Kita tahu setelah Plato dan Aristoteles, dari zaman ke zaman lahir filsuf-filsuf dengan pemikiran yang lebih kompleks. Filsafat Barat tidak berhenti pada kedua manusia Yunani kuno itu.
Kita tahu setelah Nahum dan rekan-rekan sepantarannya, lahir pencipta-pencipta lagu Batak Toba yang, melalui rekaman dan panggung-panggung khusus lagu-lagu pop etnisitas tersebut, karya-karya mereka dikenal luas dan diperdengarkan untuk mengisi ulaon-ulaon, suka maupun duka, dari bonapasogit sampai ibukota.
Dakka Hutagalung, Jack Marpaung, Tagor Tampubolon, Tigor Gipsy Marpaung, Andolin Sibuea, Iran Ambarita, Robert Marbun, dan seterusnya.
Deretan nama itu masih panjang. Seorang promotor pertunjukan musik tak akan kehabisan bahan selama 25 tahun untuk menampilkan pencipta-pencipta lagu pop Batak itu sebagai ”bintang” utama bila periode pertunjukannya dibuat tahunan.
Bernard Banjarnahor, yang dikenal sebagai penyanyi pop dan salah satu anggota kelompok vokal RNB Singers, tahun ini memulai kiprahnya sebagai organizer pertunjukan dengan pencipta lagu sebagai bintang utama.
Yang perdana telah berlangsung pada Minggu, 23 September 2018 di Balai Toba Dream, Jakarta dengan Robert Marbun sebagai figur sentral.
Bernard mengajak komponis Tarida Hutauruk sebagai sutradara untuk menata musik, mengatur alur performa, sekaligus merancang alur pertunjukan.
Pencipta lagu pop terkenal, ”Dirimu Satu”, itu hadir di panggung pada keyboard bersama Palito Band. Tim kreatif ditangani Chokie Napitupulu.
Momentumnya adalah 33 tahun berkarya Robert Marbun sebagai pencipta lagu. Robert mengklaim bahwa sejak 1985 sebagai tahun pemula berkarya dengan ”Mabalu so Martujung” selaku batu penjuru, ia telah menciptakan lebih dari 600 lagu. (Sebaiknya Robert menerbitkan buku kumpulan semua lagu-lagu tersebut lengkap dengan notasi musiknya; selain sebagai nomor bukti, juga menjadi dokumen berharga dalam dunia literasi.)
Pada malam pertunjukan yang diberi tajuk ”Ditangko Ho ma Rohangki” (Engkau Curi Hatiku), Robert Marbun mengetengahkan 23 lagunya. Para pembawa lagu itu, menurut Robert, adalah ”penyanyi-penyanyi papan atas”. Yang ia maksud: Berlian Hutauruk, Rita Butar-butar, RNB Singers, Joel Simorangkir, New Ambisi, Nainggolan Sisters, Joy Tobing, Putri Ayu Silaen, Putri Silitonga, Romansa Trio, sampai (Grup Vokal) Asapos.
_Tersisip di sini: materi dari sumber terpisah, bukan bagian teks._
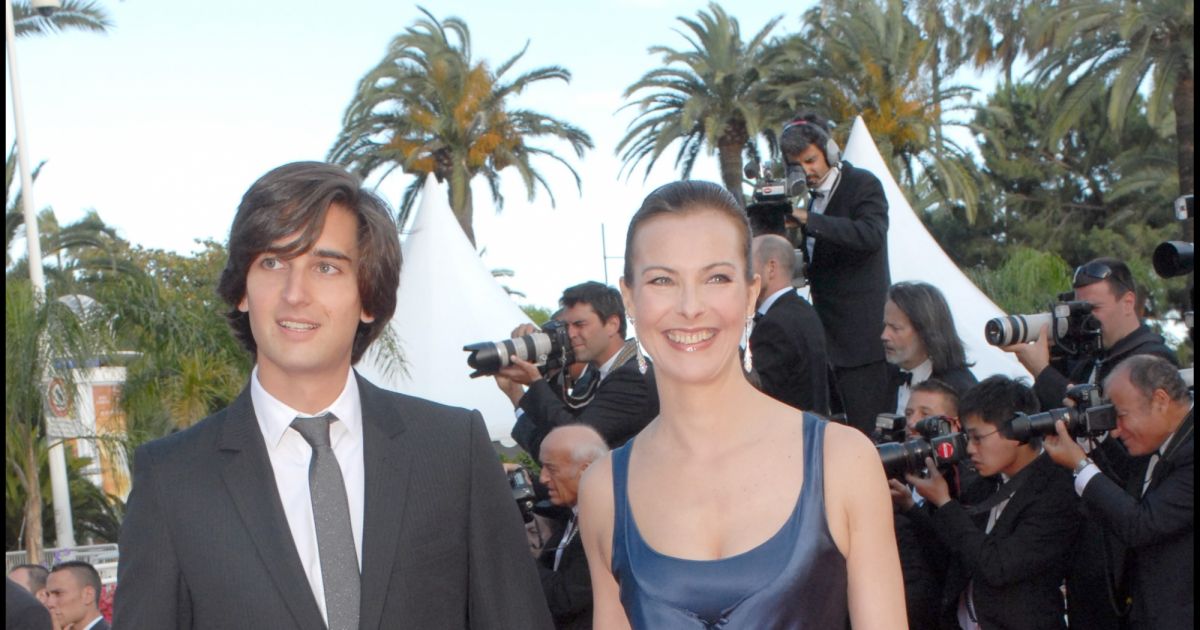 Qui Est Le Père Du Fils De Carole Bouquet Carole Bouquet et son fils Dimitri - Montée des marches pour la clôture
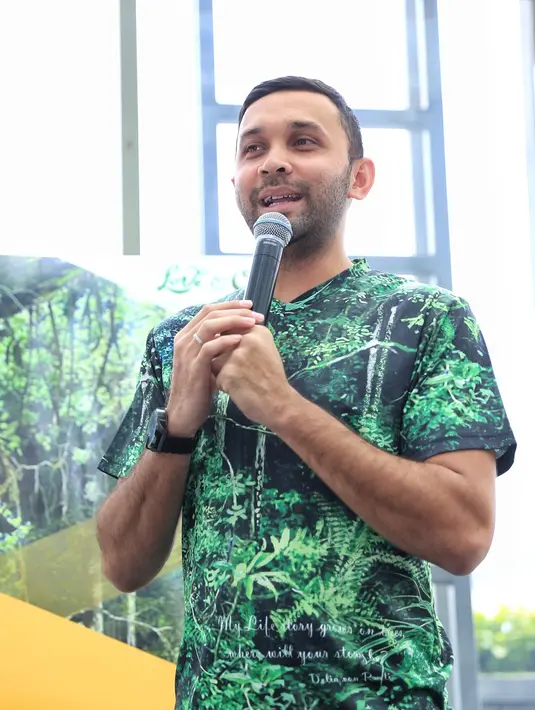 Sebagai seorang ayah, Teuku Zacky tidak mau mengenalkan anaknya pada gadget. Pemeran sinetron Gengsi Gede-Gedean ini memiliki alasan lain, sehingga membatasi anaknya. (Adrian Putra/Bintang.com)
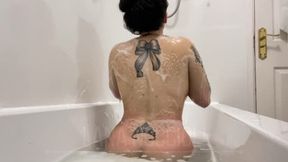 LANA NOCCIOLI The HOT TEASER - in the Bathtub with Soles Butt Boobs and MASTURBATION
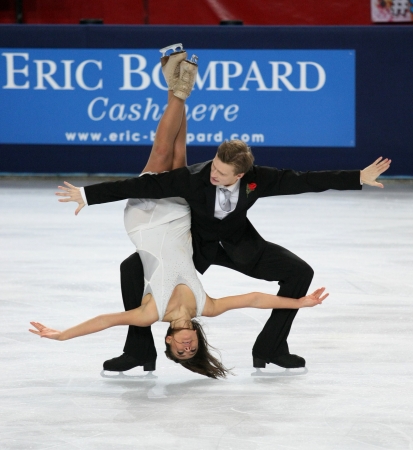 PARIS - NOVEMBER 17: Ekaterina RIAZANOVA / Ilia TKACHENKO of Russia perform free dance at the ISU Grand Prix Eric Bompard Trophy on November 17, 2012 at Palais-Omnisports de Bercy, Paris, France.のeditorial素材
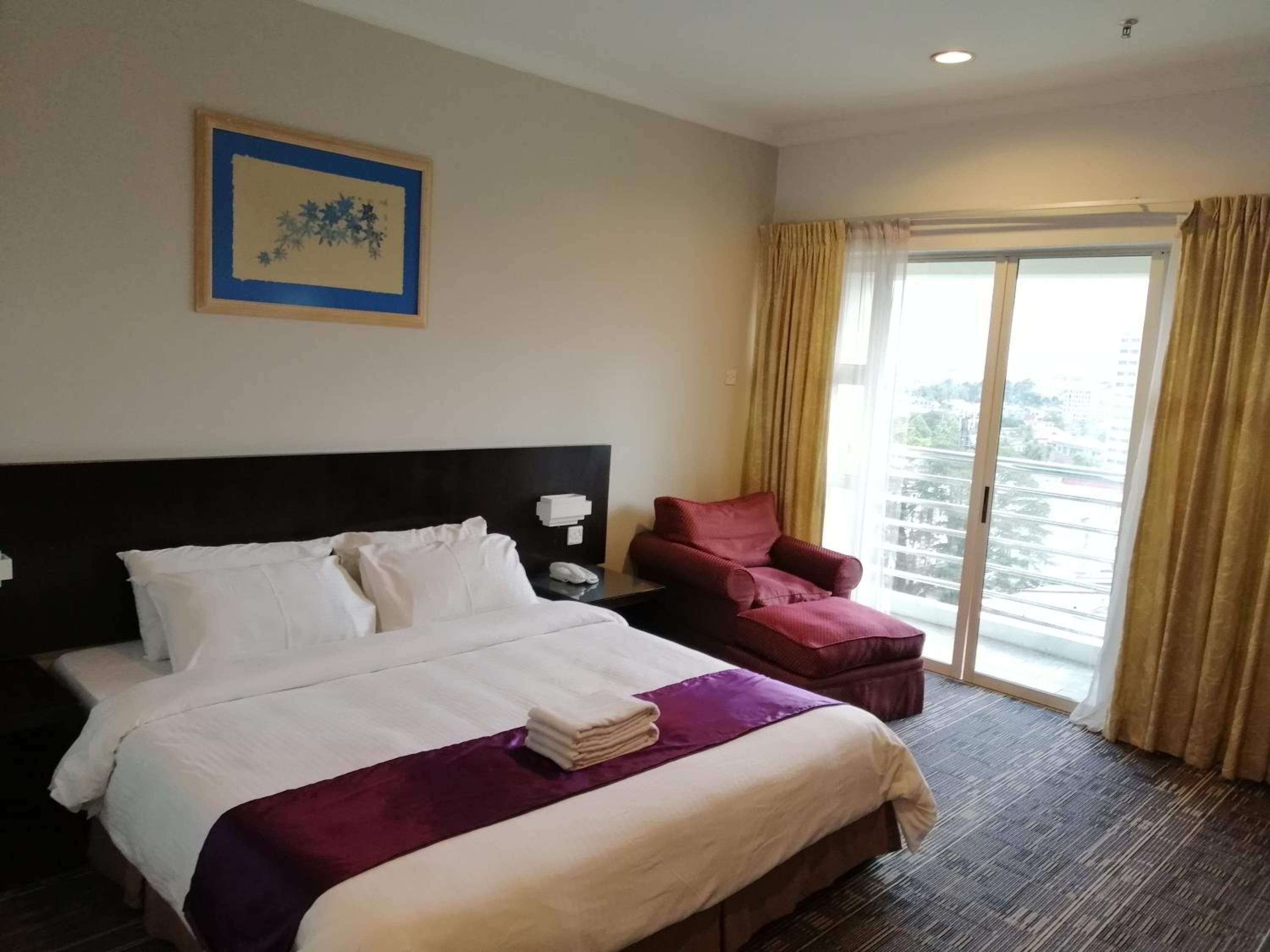 Standard King Room - Photo 3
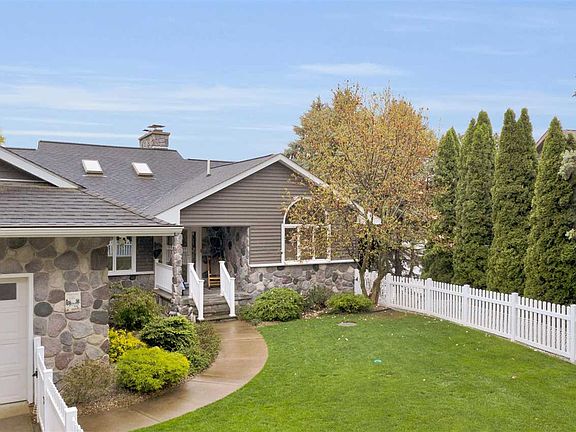 2nd image of 11616 Bradley Dr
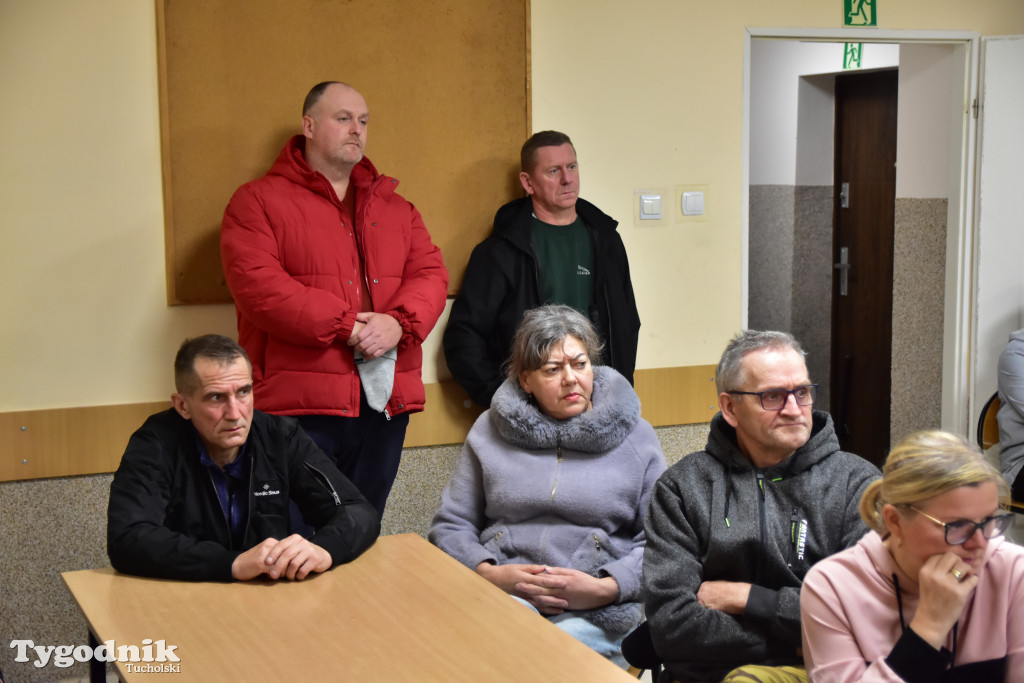 Co z blachami na drodze w Wełpinie? Powiat przyjechał zapowiedzieć zmiany!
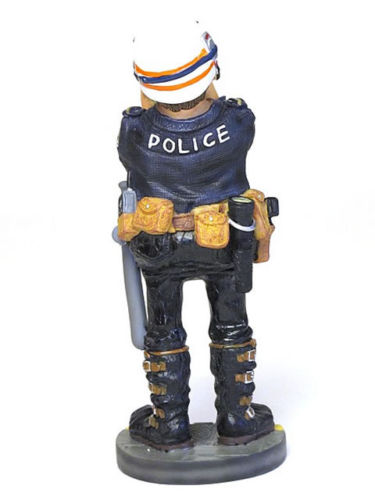 Poliziotto realizzato e colorato a mano - immagine 4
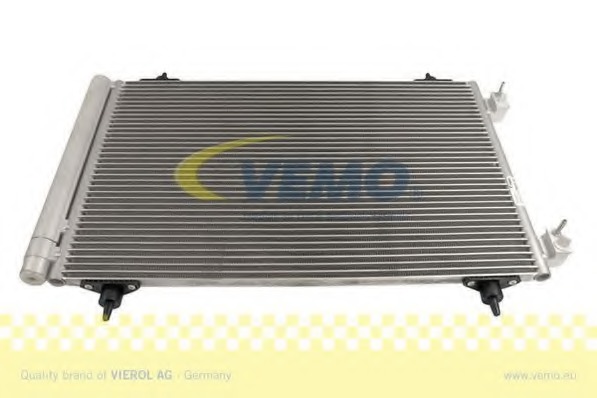Condensator, climatizare V22-62-0007 VEMO - Radiator clima Condensator, climatizare V22-62-0007 VEMO - Radiator clima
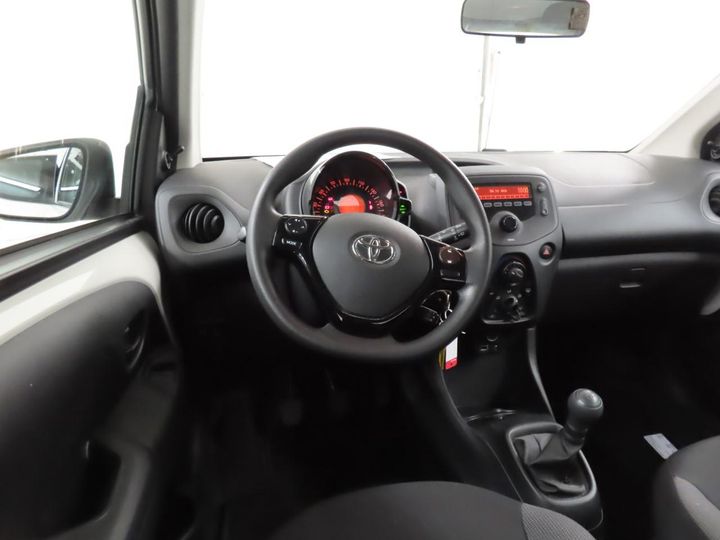 Photo 2 VIN: JTDKGNEC50N446877 - TOYOTA AYGO 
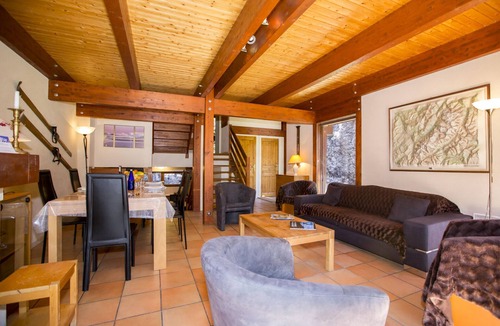 Chamonix-Mont-Blanc Ski Chalet | Chalet Chantey Mourry67 Ski Chalet | Sleeps 8–9, Argentière (Chamonix), France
Dari lagu-lagu yang diperdengarkan pada malam itu serta yang tercatat dalam buku program, tampak bahwa Robert masih terikat dengan kosmologi Batak pada umumnya dengan metafora alam (”Sidumadang Ari”), lingkungan danau dan dinamikanya (”Parau na Metmet”, ”Memori di Bakara”), dan simbol-simbol kultur Batak (”Sulangan Mangan”, ”Salendang Parpadanan”, ”Mandar ni Dainang”) untuk menggambarkan hubungan-hubungan sosiologis terkait dengan ibu, anak, dan kekasih.
Ada juga pengalaman personal seperti ”Mey Hwa” (teman perempuan Tionghoa semasa di sekolah menengah di Sidikalang, tempat kelahirannya) dan ”Martina, I Love You” (perempuan Jerman yang dijumpainya sebagai turis di Pulau Samosir).
Yang menarik dari segi lirik ialah bahwa Robert yang lahir di Laeparira, Sidikalang, Sumatera Utara, pada 6 Juni 1962 itu masih fasih menuturkan bahasa verbalnya dalam diksi maupun ungkapan Batak Toba yang cenderung orisinal bahkan arkais.
Sayangnya, ketika dituliskan dalam aksara Latin, lirik-lirik itu ”jatuh” ke tradisi penulisan teks lagu ala—yang dalam istilah ahli filologi Batak Manguji Nababan—”karaokean”. Sangat berbeda dengan ejaan yang dikenal dalam Bibel berbahasa Batak Toba.
Ditakko ho ma rohakki, inilah yang dalam istilah Manguji Nababan sebagai ejaan karaokean, berbeda dengan ditangko ho ma rohangki jika kita mengacu pada ejaan yang tersua dalam Bibel maupun kamus susunan Warneck dan Sarumpaet.
Tentang ini, Robert dengan teguh pendirian mengatakan bahwa ini adalah kehendak pasar yang ditegaskan industriman perekam lagu-lagu pop Batak dalam beberapa tahun terakhir ini.
Dalam malam apresiasi 33 tahun berkarya itu, Robert sebagai tokoh sentral diberi ruang dan waktu untuk membicarakan ihwal keberkaryaannya dalam bentuk tanya jawab di panggung antara sang komponis dengan pembawa acara, Ronnie Sianturi dan Vanda Hutagalung.
Bahwa ia lahir tanpa denyut jantung, sulit bicara sampai berusia 10 tahun, tapi pada umur enam tahun ia sudah bisa bernyanyi. Bahwa sampai remaja, saban hendak tidur, kepadanya diperdengarkan lagu-lagu gereja dari Buku Ende oleh ibunya yang piawai bernyanyi dan memimpin paduan suara. Dan di usia remaja ia sudah fasih membaca notasi musik.
Apresiasi ”33 Tahun Berkarya Robert Marbun” sebagai sebuah tontonan dikemas dengan baik oleh Tarida Hutauruk selaku sutradara pertunjukan--mengalir baik secara musikal maupun secara narasi. Tarida berhasil manangko roha, ’mencuri hati’, penonton yang memenuhi Balai Toba Dream itu.